O jogador erra, sim, ao partir para o embate público contra torcedores, ainda mais com um ato ofensivo e num momento em que pode ser essencial para o Palmeiras, como potencial substituto do ídolo Dudu, lesionado, na reta final da temporada. No entanto, é preciso ressaltar o papel desmedido e determinante para o conflito exercido por parte da torcida palmeirense.
Recentemente, outro atacante, Luiz Adriano, ficou sem clima no clube e acabou saindo pela porta dos fundos depois de ter sido insultado várias vezes por torcedores. Chegou a receber ameaças caso continuasse na Academia. No mesmo ano, um grupo de palmeirenses intimidou o jovem Patrick de Paula ao sair de uma balada em São Paulo. O volante também precisou ir embora para o Botafogo na temporada seguinte.
Tantos casos de jogadores perseguidos pela torcida se sucedem na era mais vitoriosa do Palmeiras, capitaneada pelo técnico Abel Ferreira, que fez questão de defender seu atleta após a vitória sobre o Goiás. É óbvio que, mesmo nos bons momentos, torcedores têm o direito de vaiar e cobrar. Porém, espanta que os mesmos que pesam a mão com cobranças desproporcionais se indignem quando jogadores como Breno Lopes e Luiz Adriano resolvem dar o troco.
Nem sempre o torcedor tem razão. O zagueiro Luan, por exemplo, já chegou a ser covardemente perseguido pela torcida palmeirense, que decretou o fim de sua passagem pelo clube após erros em jogos decisivos. Porém, com o apoio da comissão técnica, ele deu a volta por cima e, mesmo na reserva, se tornou uma das lideranças do time. Tanto que, por já ter vivido na pele o que aconteceu com Breno Lopes no Allianz, foi um dos primeiros a tentar conter a fúria do companheiro.
É preciso lembrar também que parte da torcida do Palmeiras já pediu a cabeça do técnico e pichou muros em protesto contra jogadores como Marcos Rocha, Zé Rafael e Mayke, que hoje figuram entre os mais vitoriosos da história do clube. A Mancha Verde, organizada que puxou vaias contra Breno Lopes, já emitiu nota insinuando que Abel Ferreira seria melhor “falador” do que treinador antes do bicampeonato da Libertadores.
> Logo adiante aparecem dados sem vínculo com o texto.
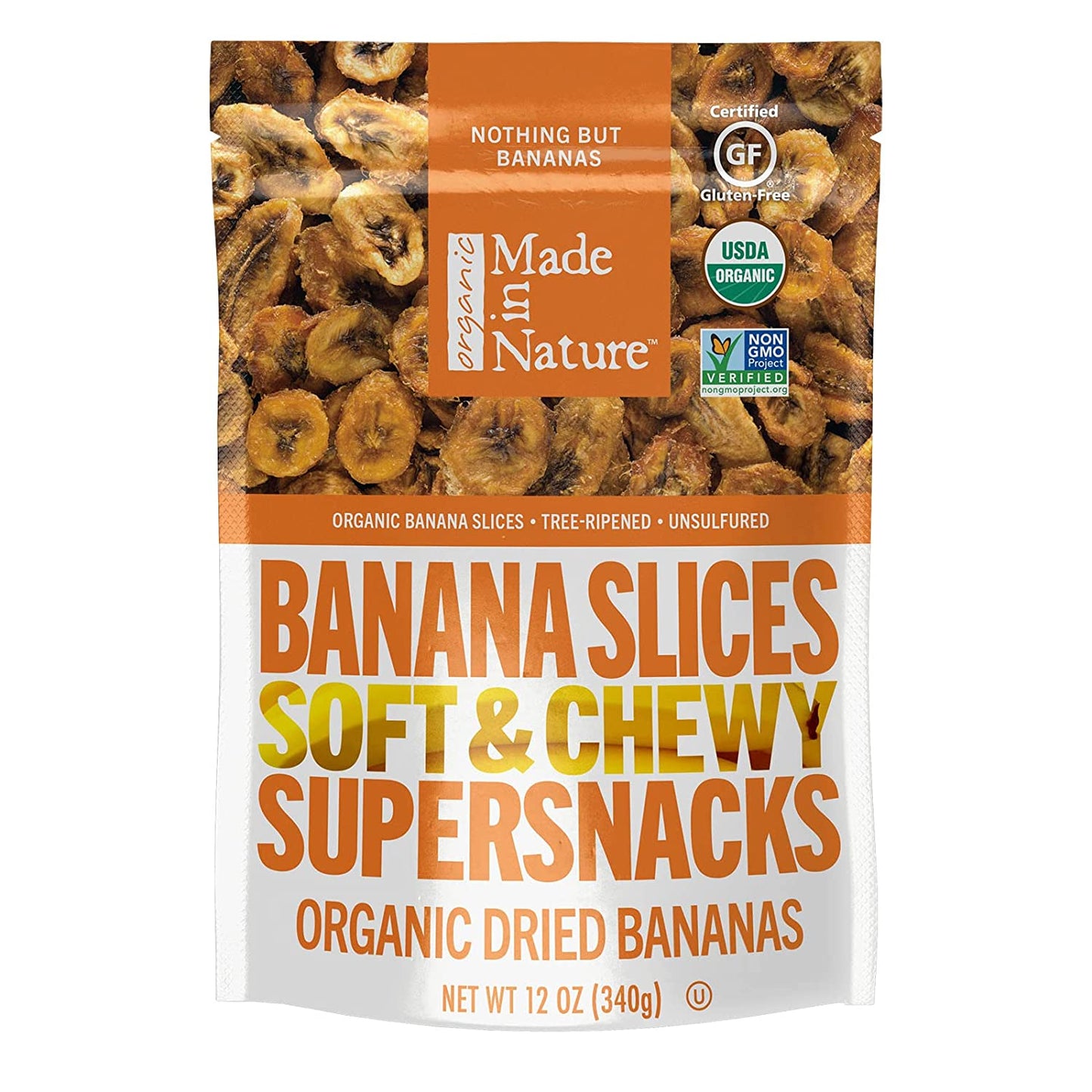 Made in Nature | Organic Dried Chewy Banana Slices | Non-GMO, Unsulfured Vegan Snack | 12oz Bag (Pack of 1)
Breno Lopes não é craque, muito menos “bagre”, como sentencia boa parcela da torcida alviverde. Vários clubes e treinadores da Série A gostariam de ter um atacante versátil e taticamente cumpridor como ele. Na cabeça de quem o persegue, jogador precisa ouvir vaia e insulto calado, sem direito a rompantes de exaltação e irracionalidade equivalentes aos daqueles que não raro jogam contra o próprio clube.
Tudo que o Palmeiras não precisava era ter um das alternativas a Dudu atiradas à fogueira na véspera dos jogos mais importantes da temporada, pela semifinal da Libertadores, contra o Boca Juniors. Breno Lopes é apenas o alvo da vez. Outros virão e serão perseguidos da mesma forma, sobretudo em meio ao confronto político escancarado entre torcida organizada e a presidente Leila Pereira.
Cabe a quem comanda o futebol ter cabeça fria para blindar o elenco e, antes de cogitar punir a vítima, colocar a razão acima da emoção.